If you’re feeling out of touch with your career identity and looking to try something new, or maybe just want to enhance your existing skills, then take heart from all the amazing women we feature on Social Butterflies. So many of them have taken career breaks, or left behind stellar jobs to try something new that suits family life. You can achieve that too – all it requires is a positive attitude, determination, a healthy dose of confidence and a good support network. You too could feel like the lady in the photo (looks like a Bodyform advert, I know).

TOP TIPS

KEEP ON LEARNING
The best advice I can give anyone who is feeling out of touch with the work place is to continuing learning: take a course, attend a workshop, go to a talk. Find something that interests you and meet like-minded people. Taking courses purely for professional reasons is great too (I’m currently learning all about analytics…) but be clear about what you want to get out of it, particularly if you’re paying a lot of money for something.

RETHINK YOUR STORY
Even if you’re not currently looking for work, try writing your CV out as you would a diary-style story. It’s a great exercise to help order your career thoughts and reexamine what you have to offer in an informal way. Once you’ve got a clearer sense of what that story is, you can translate into a CV format (have a look at Pinterest for CV style inspiration). Set yourself up with a LinkedIn profile and connect with old colleagues – you never know where Barry from accounts is now working and how he could help (by the way, Barry is a fictional character, purely for illustrative purposes).

EXPERIENCE NOT AGE
With age comes wisdom. We should be proud of the experience we have gained, and not compare ourselves to twenty-somethings. Each generation has their own unique skill set  – ours is multitasking experience (in bucket loads!). Taking time out of work has reinvigorated your desire to work, not diminished it. I’m in my late-thirties and we’re not having any more children, so I represent a whole load of women who are not going to go on maternity leave and we’re less likely to flit from job to job. This is an advantage for a future employer. It’s all about changing negative perceptions and seeing the positives.

POSITIVITY PEOPLE
It’s therefore crucial to surround yourself with positive people. There’s nothing wrong with constructive criticism, but the doomsayers can quite frankly f**ck off! If you’re trying to lift yourself up you need people with a glass half full attitude. I always think if you project positivity you will attract it (you can have that as a motivational fridge magnet, you’re welcome).

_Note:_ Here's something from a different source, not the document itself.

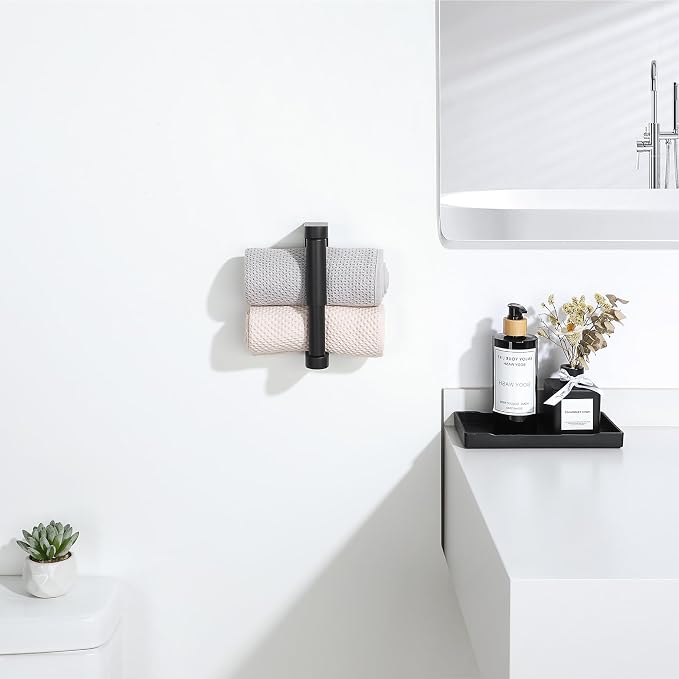 Alise Black Toilet Paper Holder Wall Mounted - Image 8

I’m really hoping by getting this topic out in the open it will help other women out there, who felt like I once did. I’d love to hear from anyone who has felt like this and has made positive changes in their career. Please email hellosocialbutterflies@gmail.com. I’d love to feature your story and inspire other women to do the same.

Coach your way to success

Ruth Kudzi had a successful career in recruitment before moving into education, where she was a senior manager for 10 years. It was during the selection and coaching process for a fast-track head teacher program, that she became interested in retraining as a business coach. Ruth realised her skills and natural aptitude could lead to a successful career. Finding a job which fitted around family life, utilised her expertise, and that she felt passionately about, has proved a winning formula. Ruth now specialises in supporting mums who want to achieve in business. If anyone knows how to do it she does, so we asked Ruth to share her career story and top tips for aspiring businesswomen.

Tell us about yourself

I am Ruth, I started my career in recruitment and executive search before moving into education. I spent 12 years working in education, the last nine as a senior leader and consultant. In 2011 I was selected to be part of a fast track program for aspiring head teachers. Through the program I got a coach and I found the impact transformational. I started to become really interested in coaching and I began to coach on a voluntary basis as well as through work, completing various courses and training.

When I became pregnant with my first daughter I started more coaching training and set up my own blog, I worked on this and a couple of other ventures during my first maternity leave but didn’t put much effort into making them work. When I returned to work full time I found juggling my career and my home life really hard, I knew I wanted to start up on my own. So, I completed more training, got myself a coach and started coaching. It took me about six months to settle on my niche working with mums and it wasn’t until Autumn 2016 that I decided to focus on the business element. By this stage I was an experienced and qualified coach and I realised that my passion lay with helping mums create the work/life balance that I had been able to create.

I love working with mums on their businesses and it is very satisfying seeing other mums build the lives that they want and develop successful businesses.

How has digital technology and social media changed the way you work?

It means that I can be a lot more flexible in where I work and how I work. I have clients from all over the world so I can communicate with them easily which I would never have been able to do before.

I have really used social media to build my brand which was invaluable when I had my youngest with me full time, it meant that people could find out about me without meeting me.

I have built up a strong group in Facebook and on Instagram and have met so many brilliant women – women who I am working with, collaborating with and who are working for me in various roles. It has been amazing to hook up with all of these women and help each other.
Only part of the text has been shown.